Task goal:
Leave the pictures in the listing below aside and reproduce exactly the lines starting with the one with "You might also" and going on through the one with "There we go", both ends included.

Start of Supplied records

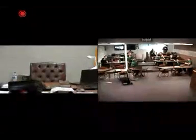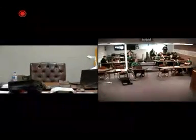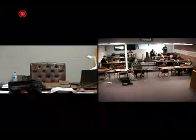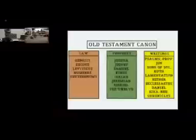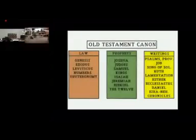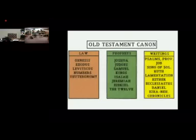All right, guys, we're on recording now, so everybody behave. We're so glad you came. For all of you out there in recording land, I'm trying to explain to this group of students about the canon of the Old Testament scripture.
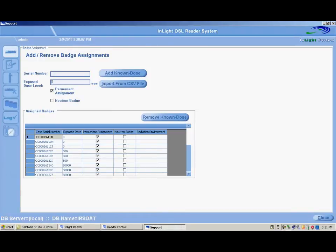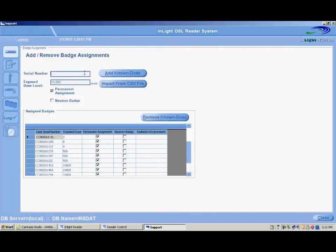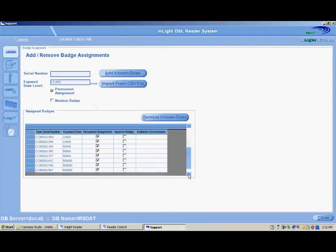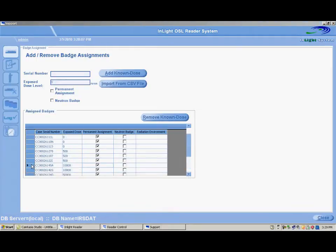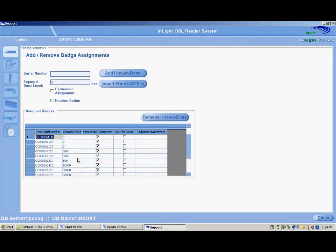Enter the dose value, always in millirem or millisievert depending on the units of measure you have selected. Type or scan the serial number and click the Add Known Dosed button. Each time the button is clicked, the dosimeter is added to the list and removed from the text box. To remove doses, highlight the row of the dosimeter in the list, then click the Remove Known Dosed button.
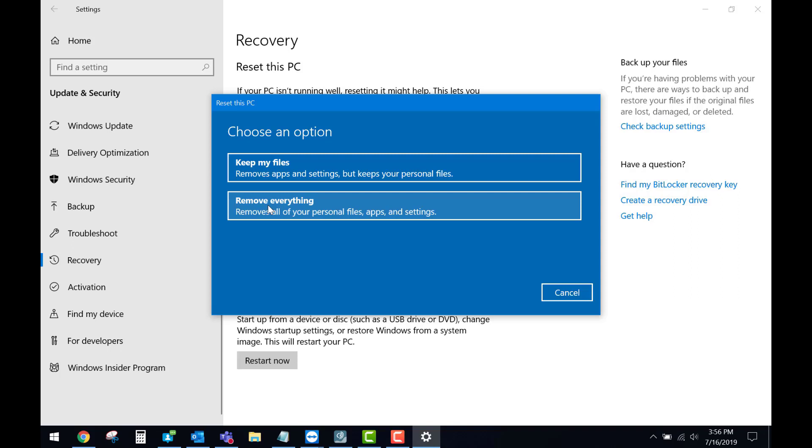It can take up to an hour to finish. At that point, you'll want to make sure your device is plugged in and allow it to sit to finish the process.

End of Supplied records
Start of Supplied records

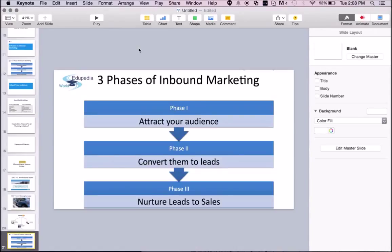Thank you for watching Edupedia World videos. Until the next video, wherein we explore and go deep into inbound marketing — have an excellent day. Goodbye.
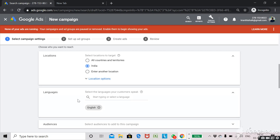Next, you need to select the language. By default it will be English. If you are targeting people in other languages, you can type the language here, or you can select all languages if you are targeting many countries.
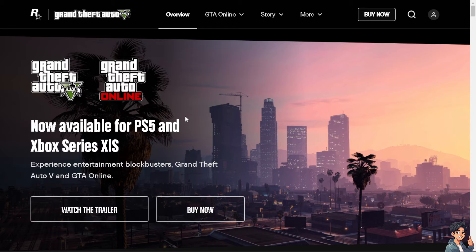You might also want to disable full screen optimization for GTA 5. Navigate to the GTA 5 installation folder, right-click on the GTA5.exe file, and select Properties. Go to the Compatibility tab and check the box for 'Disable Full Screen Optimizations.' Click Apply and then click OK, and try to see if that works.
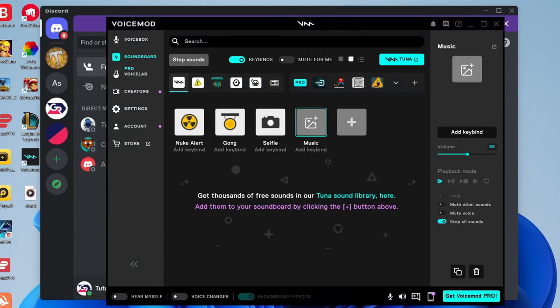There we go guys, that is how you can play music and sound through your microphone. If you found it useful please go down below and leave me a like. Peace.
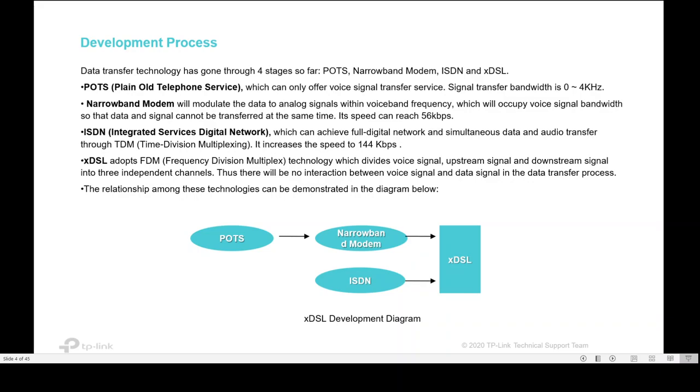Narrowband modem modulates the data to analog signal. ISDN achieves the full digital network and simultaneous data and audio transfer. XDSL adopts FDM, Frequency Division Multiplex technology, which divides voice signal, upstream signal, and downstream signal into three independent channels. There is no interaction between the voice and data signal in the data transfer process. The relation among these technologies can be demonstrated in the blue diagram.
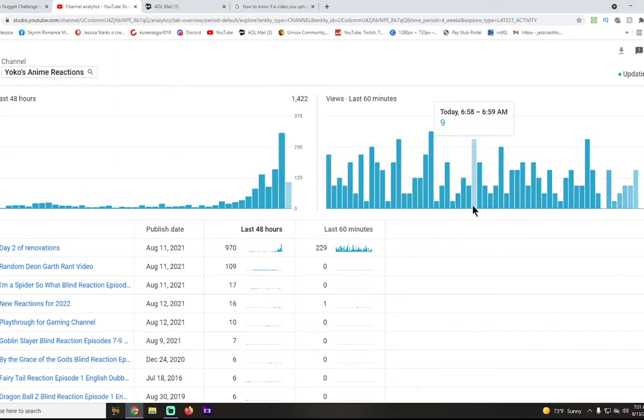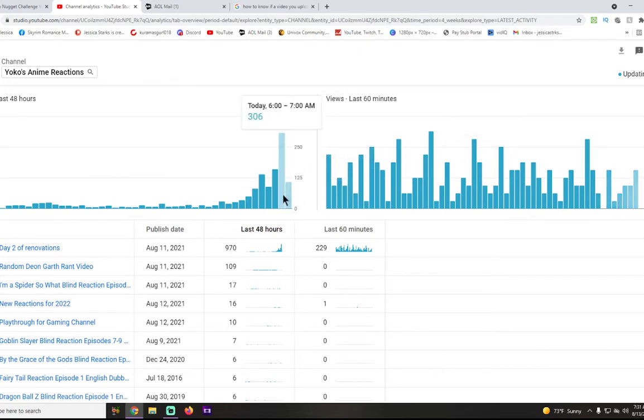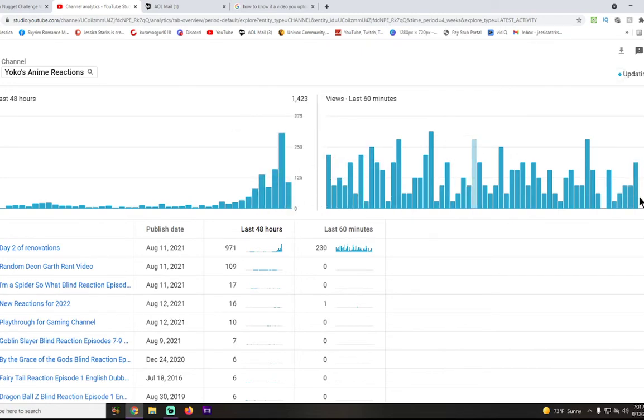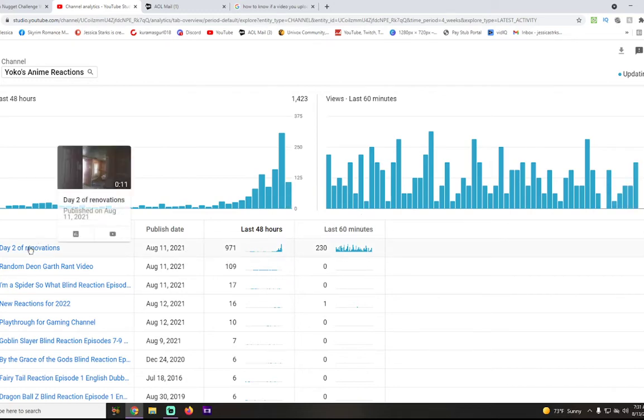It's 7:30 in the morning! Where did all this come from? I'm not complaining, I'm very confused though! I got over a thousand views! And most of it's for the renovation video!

End of Supplied records

Exercise solution:
You might also want to disable full screen optimization for GTA 5. Navigate to the GTA 5 installation folder, right-click on the GTA5.exe file, and select Properties. Go to the Compatibility tab and check the box for 'Disable Full Screen Optimizations.' Click Apply and then click OK, and try to see if that works.
There we go guys, that is how you can play music and sound through your microphone. If you found it useful please go down below and leave me a like. Peace.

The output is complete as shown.